Через полчаса я уже сдал заявление в администрацию. Не буду просить милостыни. И биться головой о стену не буду. Счастливо оставаться.
…Так я считал тогда. Был доволен собственными принципами. Потом зазвонил телефон.
Энн, Анюта моя, сказала:
– Ты же понимаешь, что это значит?
– Конечно, – ответил самодовольный болван, который был я.
– Идиот, – заключила Анна Святославовна. – Прощай. Мне жаль, – и повесила трубку.
– Мне тоже, – ответил.
Отчего-то казалось очень важным ответить, пусть даже меня и не услышат.
Дальше был кабак. Какие-то девки с голыми ляжками. С кем-то подрался. Убежал от городовых, если те мне не чудились. Снова выпил – на сей раз в странной компании, по виду чистых колодников: беспутных, безумных.
И вот, оказался в «Люксембурге». Голова раскалывалась, а душа трещала по швам, казалось: вот-вот, и разорвется в лоскутки, снегом понесется по ветру в ночной пурге.
…Тихо застонала, открываясь, дверь.

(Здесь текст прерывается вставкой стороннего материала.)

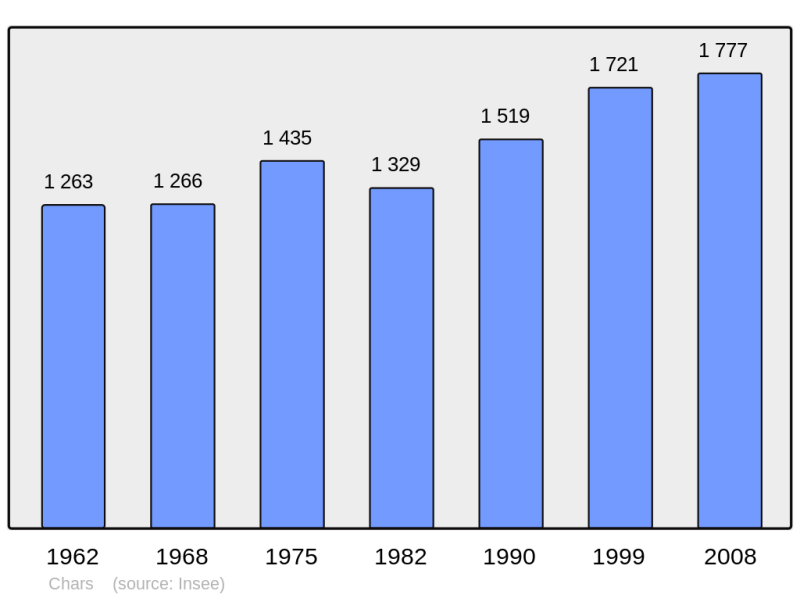 Soubor:Population - Municipality code 95142.png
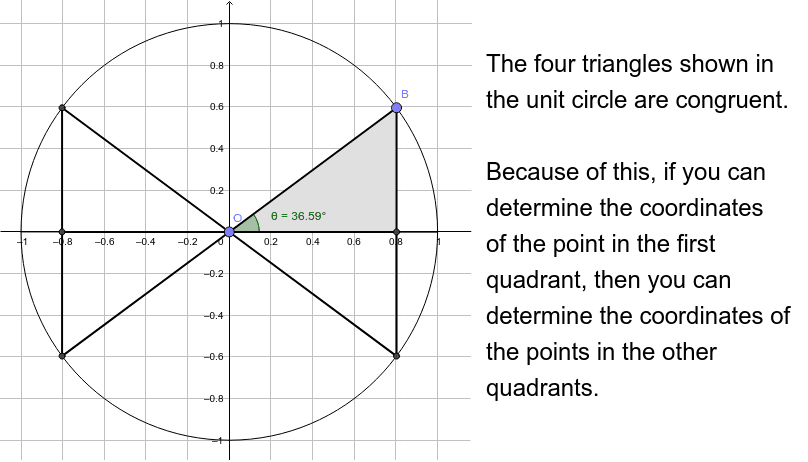 unit circle triangle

Тяжелые шаги отдались в хребте.
Стыдно признаться, мне было глубоко и откровенно наплевать, кто заявился по мою душу – грабители, полицейские, или местный сервис сомнительного свойства оказался неожиданно навязчив. В любом случае, добрый человек едва ли бы молча зашел в чужой запертый номер.
Как я уже заметил, в тот момент мне хотелось то ли подраться, то ли помолиться, то ли спеть. И вот, решение трилеммы преподносят на блюдечке. Может ли человек истинно благородный отринуть чужие усилия, оттолкнуть их?
Нет и нет!
Рука сама ухватила тяжелую бутылку за горлышко. Метать на звук я умел недурно – так что сначала через плечо полетел стеклянный снаряд, а потом уж я спрыгнул со стула, разворачиваясь к гостю.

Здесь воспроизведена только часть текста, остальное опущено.